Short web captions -
□ □ □ □ □ □ □
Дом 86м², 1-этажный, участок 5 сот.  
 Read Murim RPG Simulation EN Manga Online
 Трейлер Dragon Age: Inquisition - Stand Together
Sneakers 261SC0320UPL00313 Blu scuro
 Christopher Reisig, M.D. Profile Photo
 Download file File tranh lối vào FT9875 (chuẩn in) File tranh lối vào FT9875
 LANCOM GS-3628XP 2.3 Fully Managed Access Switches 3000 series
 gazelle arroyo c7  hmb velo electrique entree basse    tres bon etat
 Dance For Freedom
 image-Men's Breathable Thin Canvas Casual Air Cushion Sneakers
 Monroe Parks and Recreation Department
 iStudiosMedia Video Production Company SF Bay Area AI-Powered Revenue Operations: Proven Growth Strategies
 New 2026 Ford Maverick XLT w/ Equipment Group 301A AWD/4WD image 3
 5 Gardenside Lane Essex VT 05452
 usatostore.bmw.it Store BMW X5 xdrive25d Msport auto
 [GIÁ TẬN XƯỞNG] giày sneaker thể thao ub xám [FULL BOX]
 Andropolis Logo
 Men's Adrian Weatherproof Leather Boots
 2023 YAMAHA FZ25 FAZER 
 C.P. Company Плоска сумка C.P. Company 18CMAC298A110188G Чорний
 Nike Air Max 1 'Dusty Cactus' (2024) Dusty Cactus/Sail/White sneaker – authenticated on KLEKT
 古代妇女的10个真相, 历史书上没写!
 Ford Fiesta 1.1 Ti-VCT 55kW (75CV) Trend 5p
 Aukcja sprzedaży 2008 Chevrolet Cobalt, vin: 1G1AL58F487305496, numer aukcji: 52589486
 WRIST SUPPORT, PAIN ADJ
□ □ □ □ □ □ □
PROBLEM TO SOLVE - Taking the records from the top, repeat each line exactly until you have repeated the line that contains "Christopher Reisig, M.D. Profile Photo".

YOUR RESPONSE -
Дом 86м², 1-этажный, участок 5 сот.  
 Read Murim RPG Simulation EN Manga Online
 Трейлер Dragon Age: Inquisition - Stand Together
Sneakers 261SC0320UPL00313 Blu scuro
 Christopher Reisig, M.D. Profile Photo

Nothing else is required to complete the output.